Page 77 of Abducting Sarah

“Can you see them?” I asked.

“No,” Omen said.

“Sarah, can you?”

She looked around frantically and shook her head. “No.”

But then we heard them. Chanting whispers that got louder as we stood there, like they were closing in on us. Fan drove the onworlder toward a dead conduit and snatched up her bone sword, just before another conduit appeared and slashed at him with her knife. Then, she vanished again.

He clutched his arm and cursed, before driving back to us. Bell hopped off the onworlder and reached out for Omen’s first victim’s knife but was thwarted by a conduit. She stabbed the back of his thigh, then disappeared again. He fell to the ground and fought to get to his feet.

Mother Portend’s voice proclaimed, “You can’t kill what you can’t see.” Then a bone knife slashed the air, before it sliced across my chest, drawing blood.

I sucked in a painful breath and quickly brought my weapon up to defend myself, but my attacker was gone before I had moved.

Omen said, “If we can stop whoever is chanting then we can break the gift they’re using.”

“How the fuck are we supposed to do that?” Jac asked.

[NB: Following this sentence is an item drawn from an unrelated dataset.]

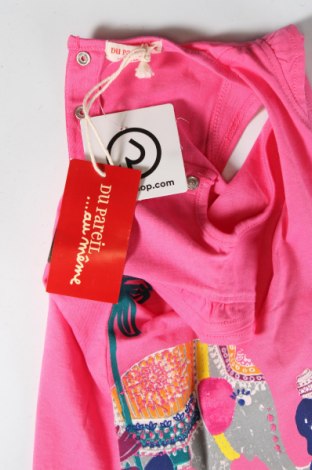 Dziecięca bluzka Du Pareil Au Meme, Rozmiar 9-12m/ 74-80 cm, Kolor Różowy, Cena 19,75 zł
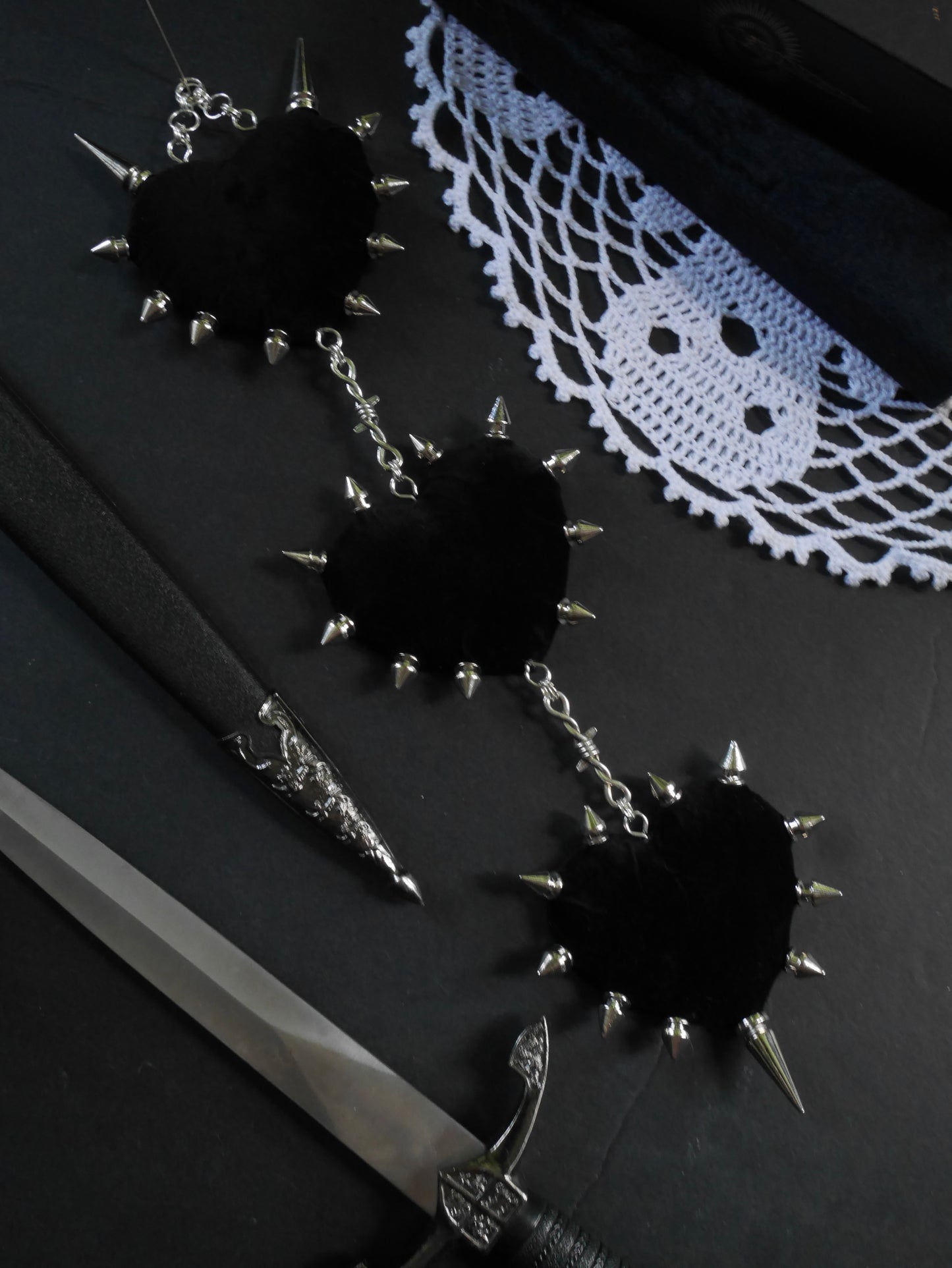 Heart + Chains — Large Velvet Wall Hanging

The door on Father’s house creaked, and I turned that way, afraid a conduit had snuck past us. But it was Silence coming out to the battle. Surrounded by Gram, Treg, Drift, and Camp Deo, she strode toward us with the twins on her back in a pack.

Once next to us, she raised her hands, and the whispers instantly stopped. White fog flowed from invisible conduits into Silence’s palms. With her own powers, she had stolen the voices of the chanting conduits. All of our enemies were visible once more.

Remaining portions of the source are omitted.